[Updated on 9/12/2012 at 10:35 a.m. with a response from Isabelle Boutron.]
In recent years, newspapers have been full of articles touting the health benefits of coffee: It cuts the risk of heart attack, stroke, and various kinds of cancers. Yet some studies have also raised warnings, saying coffee can encourage overeating and, yes, even increase heart-attack risks.
Similar uncertainties—at least as reflected in newspaper articles and TV news reports—surround red wine, aspirin, estrogen supplements, prostate screening, and many other foods, pharmaceuticals, and medical procedures.
What’s going on? Are science reporters unable to make sense out of medical research? Are they overblowing minor fluctuations in study findings just to attract readers?
The answer, according to an analysis published on Tuesday in the journal PLoS Medicine, is neither. Instead, according to one of its authors, Isabelle Boutron, an assistant professor of epidemiology at Paris Descartes University, the tendency to emphasize medical benefits over risks is most often attributable to the presentations by scientists in their own journal articles.
The study was based on an examination of 70 articles that appeared in scientific journals from December 2009 to March 2010, reporting the results of randomized, controlled trials. The study also included a review of the press releases that accompanied those articles, and the subsequent news coverage.
Of the 41 news stories that could be associated with those studies, a majority of them—21—contained “spin,” which Dr. Boutron and her team defined as a specific reporting strategy, intentional or unintentional, that emphasized the beneficial effect of the treatment being tested.
In most cases, though, that spin could be traced back to the journal article itself, Dr. Boutron concluded. Her analysis found spin in 40 percent of the study abstracts published in the scientific journals, and in 47 percent of the accompanying news releases.
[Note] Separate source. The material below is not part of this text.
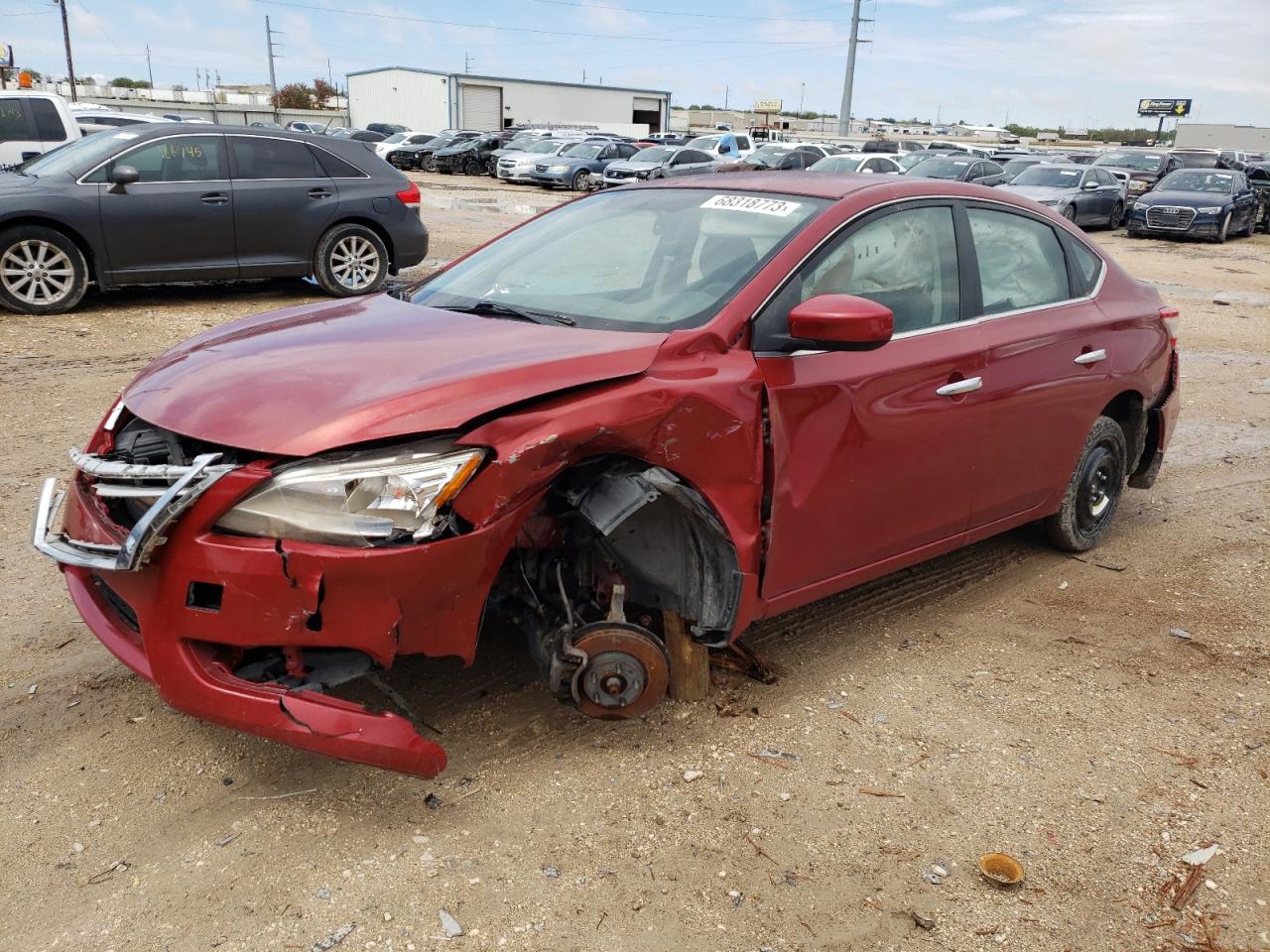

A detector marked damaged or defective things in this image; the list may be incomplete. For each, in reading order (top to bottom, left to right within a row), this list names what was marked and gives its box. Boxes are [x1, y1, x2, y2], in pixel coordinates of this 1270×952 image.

“These findings show that ‘spin’ in press releases and news reports is related to the presence of ‘spin’ in the abstract of peer-reviewed reports,” Dr. Boutron wrote.
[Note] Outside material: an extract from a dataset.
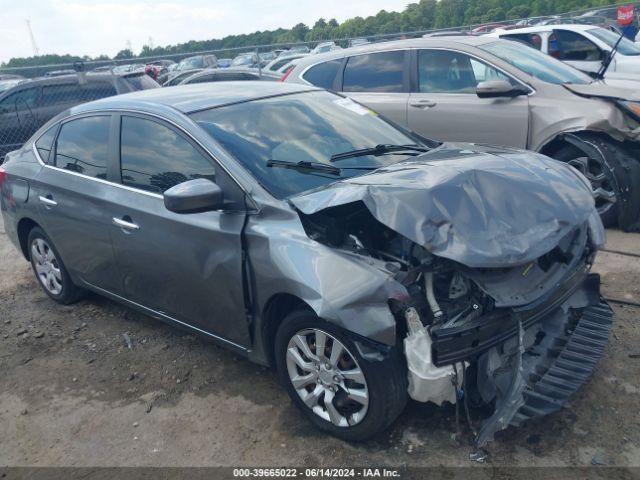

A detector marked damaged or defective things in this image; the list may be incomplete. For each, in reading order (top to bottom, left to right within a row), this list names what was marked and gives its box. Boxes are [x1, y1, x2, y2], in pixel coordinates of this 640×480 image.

crumpled hood [564, 79, 640, 102]
damaged gray sedan [0, 83, 612, 446]
crumpled hood [288, 142, 604, 270]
The 70 studies covered by the analysis included evaluations of treatments for a variety of diseases, including cancers, heart conditions, skin lesions, herpes, pneumonia, diarrhea, diabetes, anemia, fibromyalgia, and postnatal depression. The studies also explored behaviors such as exercise, television viewing, and smoking, and assessed several types of vaccines and remedies that included fish oil, pine bark, hypnosis, acupuncture, psychotherapy, and “flower power.” The research was conducted at a range of universities in the United States and abroad.
In their article, Dr. Boutron and her six co-authors offered one example of spin, describing a December 2009 study by Eleanor M. Walker, director of breast services in the department of radiation oncology at Henry Ford Hospital, in Detroit.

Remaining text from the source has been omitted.